Égypte : Quand le nombre fait la révolte
Le vent de révolte qui souffle aujourd’hui sur l'Égypte provient de deux motifs de mécontentement : l'absence de démocratie mais aussi les difficultés de la vie quotidienne liées en particulier aux prix de l’alimentation et au taux de chômage chez les jeunes.

Mais comment ne pas voir qu’à la source de ces problèmes se trouve la question démographique ?

L’Égypte compte aujourd'hui 85 millions d’habitants pour une surface d’un million de kilomètres carrés, soit un peu moins de deux fois la France. Chacun sait toutefois que ce pays n’est en réalité habitable et cultivable que sur une faible proportion de ses terres. A 90 % la population et les cultures se concentrent sur le delta du Nil ainsi que sur une bande d’une dizaine de kilomètres de large au bord du fleuve sur 1.000 km de long, allant du Caire jusqu’au au pied du barrage d’Assouan. Grosso modo l’Égypte ne peut compter pour vivre et se nourrir que sur une quarantaine de milliers de kilomètres carrés. Ainsi ramenée à la "surface utile", la densité de peuplement égyptienne approche 2.000 habitants au kilomètre carré (avec une telle densité la France accueillerait près d’un milliard d’habitants).

L’Égypte est donc surpeuplée au regard de ses capacité réelles et ce surpeuplement se traduit déjà par une forte dépendance alimentaire, illustrée en avril 2008 par les fameuses "émeutes de la faim". L’Égypte se trouve ainsi fragilisée par toute hausse des denrées alimentaires. Ne pouvant les produire elle-même, elle les achète et paye cash toute élévation des cours mondiaux, qu’elle soit due à une tendance haussière générale ou qu’elle soit le fruit d’une spéculation passagère.

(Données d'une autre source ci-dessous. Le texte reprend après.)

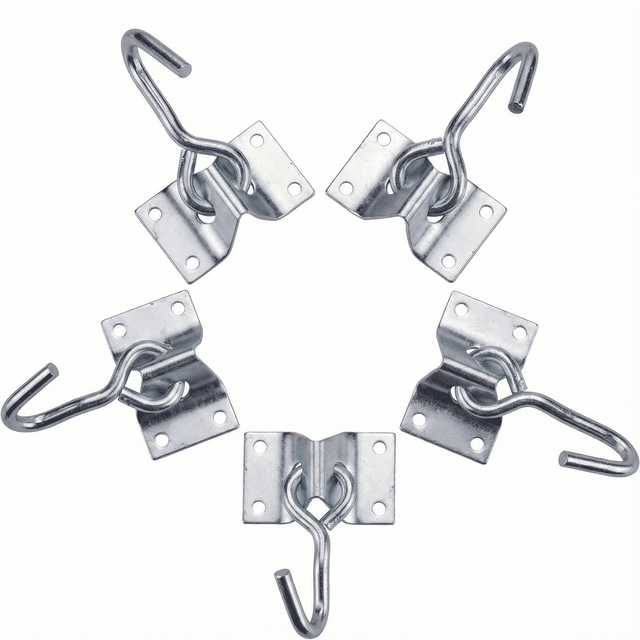 Durable Custom 4" Silver Galvanized Stainless Steel Flat Rope Hook HANLIX Brand ISO 9001 Certified Customizable Packaging Carton
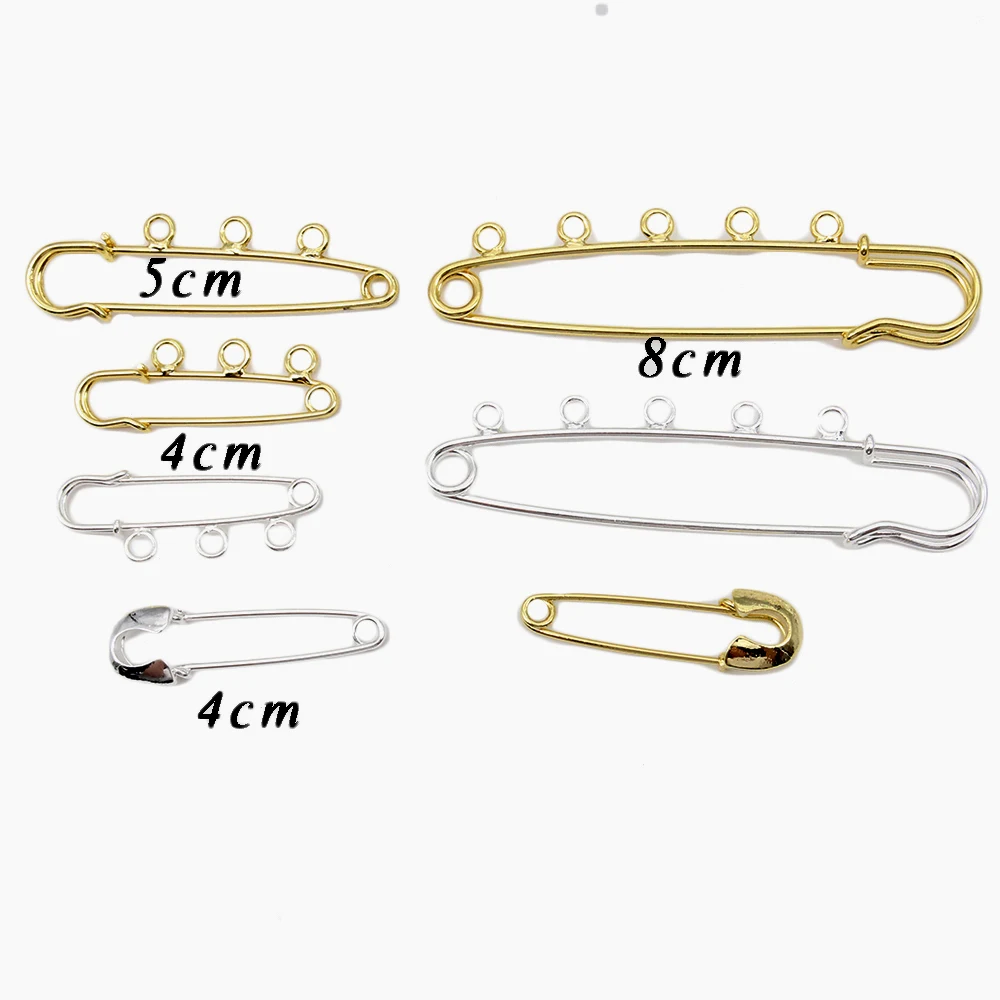 4cm 5cm 8cm 5pcs /lot Plain Gold Plated Kilt Pins DIY Craft Muslim Islam Baby Safety Pin With Loops For Kids
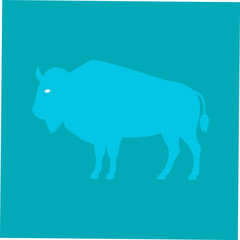 A detailed vector illustration of the Canadian Giant Bison, showcasing its massive stature and distinctive features, perfect for wildlife art, nature-themed designs, and educational projects.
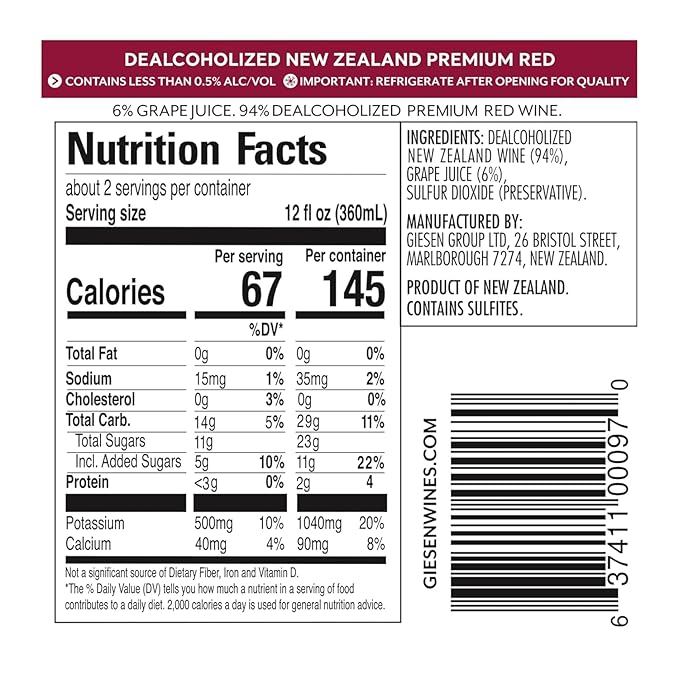 Giesen 0% Non-Alcoholic Premium Red, New Zealand, Delicate Aromas, Made with Merlot and Cabernet Franc Grapes, 750ml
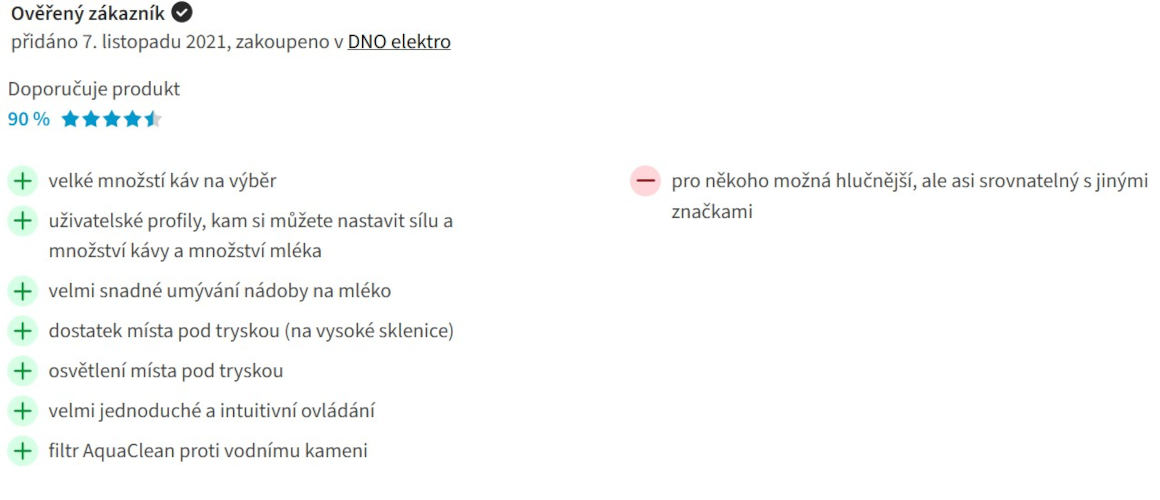 Uživatelská recenze Na obrázku je uživatelská recenze kávovaru Philips ze stránky Heureka.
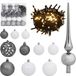 vidaXL Set de 120 boules de Noël avec étoile et 300 LED, blanc et gris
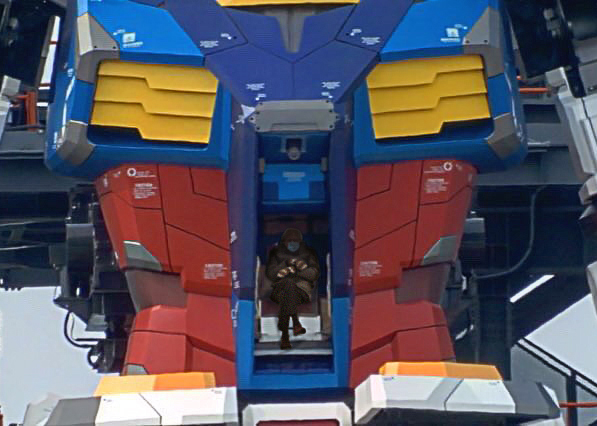 HyattPan's tweet photo. #SitWithBernie in #Gundam #GundamFactory #Yokohama #Cockpit #FeelTheBern #Berniememe #Berniememes #RX78 https://t.co/Rif3WGdKa7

En plus du niveau de son effectif le pays souffre également de la rapidité de son évolution. En 200 ans, soit en seulement trois fois la vie d’un homme, l’Égypte a, selon les sources, multiplié ses effectifs par … 20 ou par 40! (Les estimations de la population égyptienne en 1810 s’étagent de 2 à 4 millions d’habitants). Si l’ensemble de la Terre avait suivi la même pente, notre planète compterait aujourd’hui entre 20 et 40 milliards de terriens ! (nous étions un milliard en 1810)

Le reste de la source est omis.